For those of you who haven't heard about this song or group before, what the freaking hell is wrong with you? But more importantly, you're denying yourself the chance of embarking into one of the most meaningfully layered song in all of KPOP history. Don't worry. Here's the music video. Go watch it and come back. I'll wait.

For the rest of you who know the true value of awesome, high five.

Based on thousands of repeated viewings of this song and its music video, I have come to one conclusion. Underneath all the cutesy and innocent looks of the 5 girls of Crayon Pop, Bar Bar Bar is essentially a song about the notorious underbelly of Korean pop culture and how the process of manufacturing these KPOP idols are severely affecting the idols themselves by taking away their individuality and freedom, to instead making them puppets (or robots, as some may argue) used to entertain the masses. 

On the first viewing, you'll probably pass off this music video as another by-product of the KPOP craze. It's colorful, cute and crazy all rolled up into a 3 minute video. There are cute girls just jumping around on imaginary pogo sticks, while wearing these weird helmets throughout the entire music video.

Let's look at the dance.

The dance starts off with a very weird move; wobbly legs. In most other KPOP girl group choreographed dances, the need to be "cool" or "hip", "sexy" or "amazing" far outweighs the practicality of the dance. Just look at HyunA's dance in Bubble Pop (no one human being can do what she does with those hips) or anything T-ARA does. The only wobbly legs are probably your own after you attempt to follow.

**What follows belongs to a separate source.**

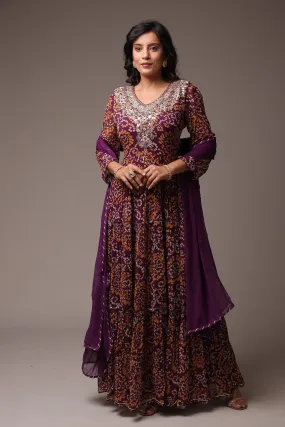 Anarkali Georgette Bandhej Suit with Gota Patti work.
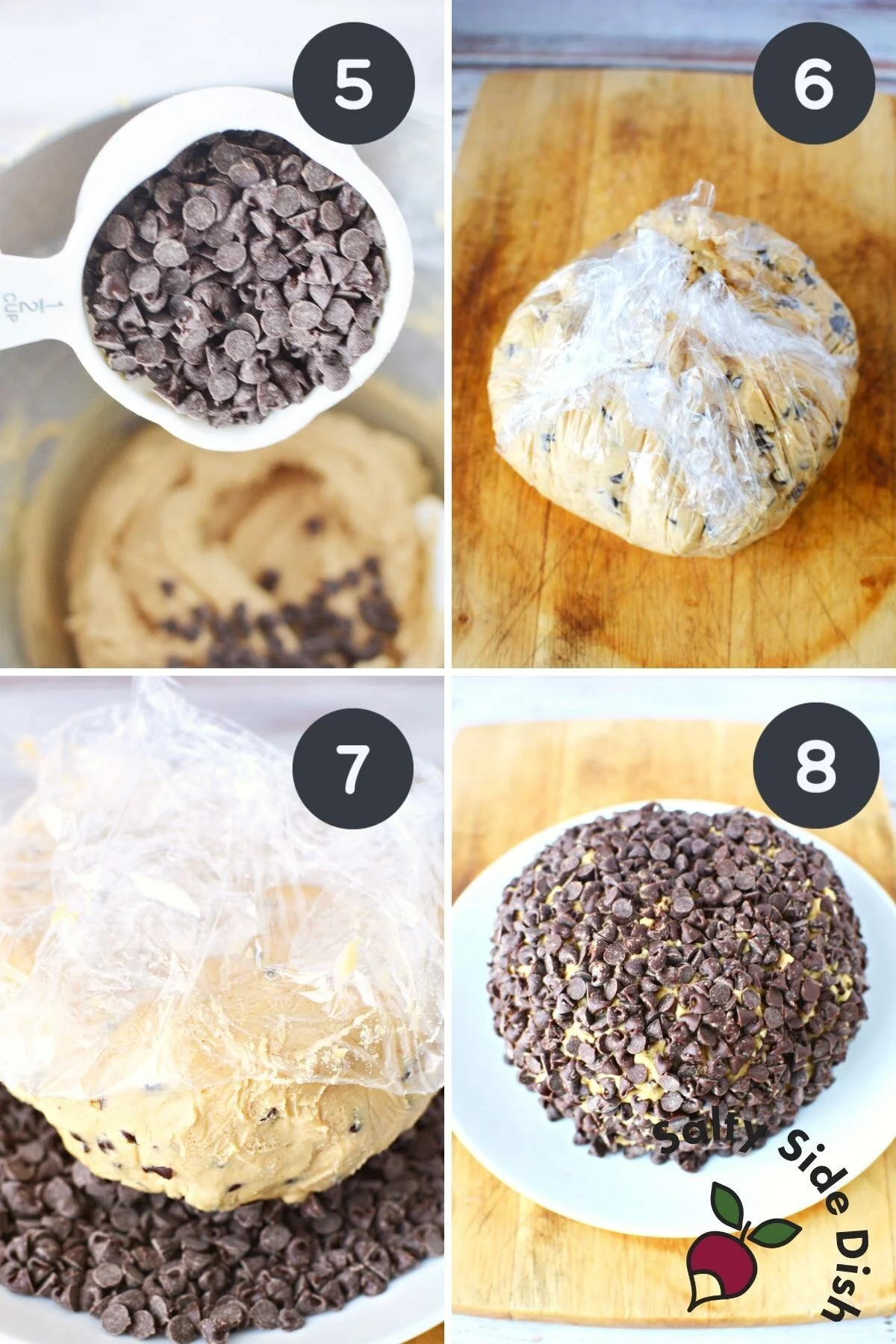 adding chocolate chips to peanut butter cheeseball.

The wobbly legs are a way of saying that while the girls are standing (in a way), they are unable to completely rely on themselves. The fact that they worked their own group's name into the song; ("팝! 팝! 크레용팝!") is also proof that this song is essentially deep seated insecurity. There is no individuality, as shown by the entire dance which is completely similar. There is even a point in the dance where one member pretends falls, and the rest follow suit. There is no "I", but rather, a collective group in general. Individuality is not a thing.

The helmets. Oh the helmets. Many people have questioned the need for 5 perfectly normal girls to wear helmets while bouncing around. It's cute, some argue, while others are more scathing in their comments; 'it's retarded!''This is for children!' But think about it. What does a helmet signify? Arguably it's for protection/safety but throughout the entire music video, nothing dangerous seems to threaten the safety of our 5 heroines. Therefore, it is only safe to assume that the helmets signify the imprisonment of the girls to a power above them; i.e, their KPOP overlords. 

The lyrics support this conclusion. Look at the line, "Follow me (me). mamas and papas ("날따라 해(해) 엄마도 파파도 같이 Go")". While it sounds like they're cutely asking for parents to join in their dance, it can also be interpreted in a manner which they are calling out for their parents to accompany them down this business. Being an idol means living in a pretty lonely world; you can't just take a stroll back home to see your family without hordes of fans flocking around you. Basically, the song is saying that being an idol is tough, and that parental love and guidance are ever so limited.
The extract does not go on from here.